» About this task
The data must be reproduced verbatim; images are to be omitted.

» Source data
= Beginning of Section =

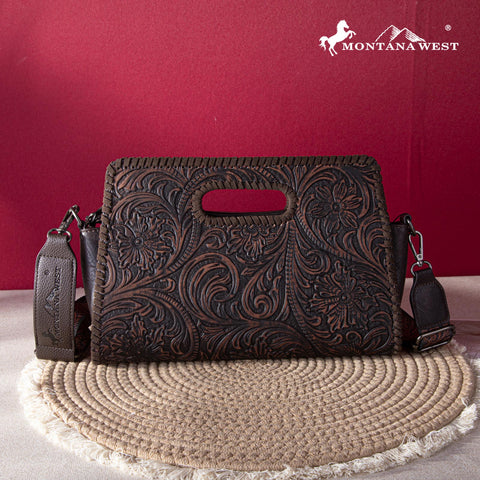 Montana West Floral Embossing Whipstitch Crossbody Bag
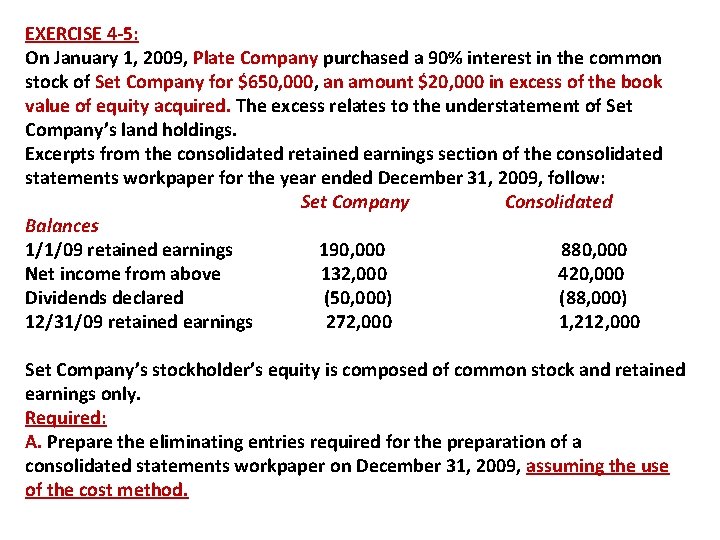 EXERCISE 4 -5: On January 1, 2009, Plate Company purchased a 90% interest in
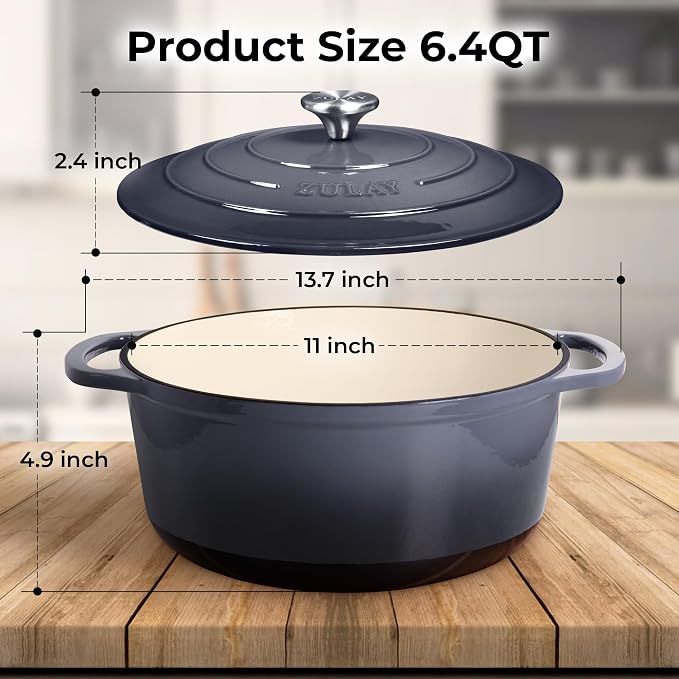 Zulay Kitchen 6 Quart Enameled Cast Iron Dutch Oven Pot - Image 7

= End of Section =

» Result of this exercise
 Montana West Floral Embossing Whipstitch Crossbody Bag
 EXERCISE 4 -5: On January 1, 2009, Plate Company purchased a 90% interest in
 Zulay Kitchen 6 Quart Enameled Cast Iron Dutch Oven Pot - Image 7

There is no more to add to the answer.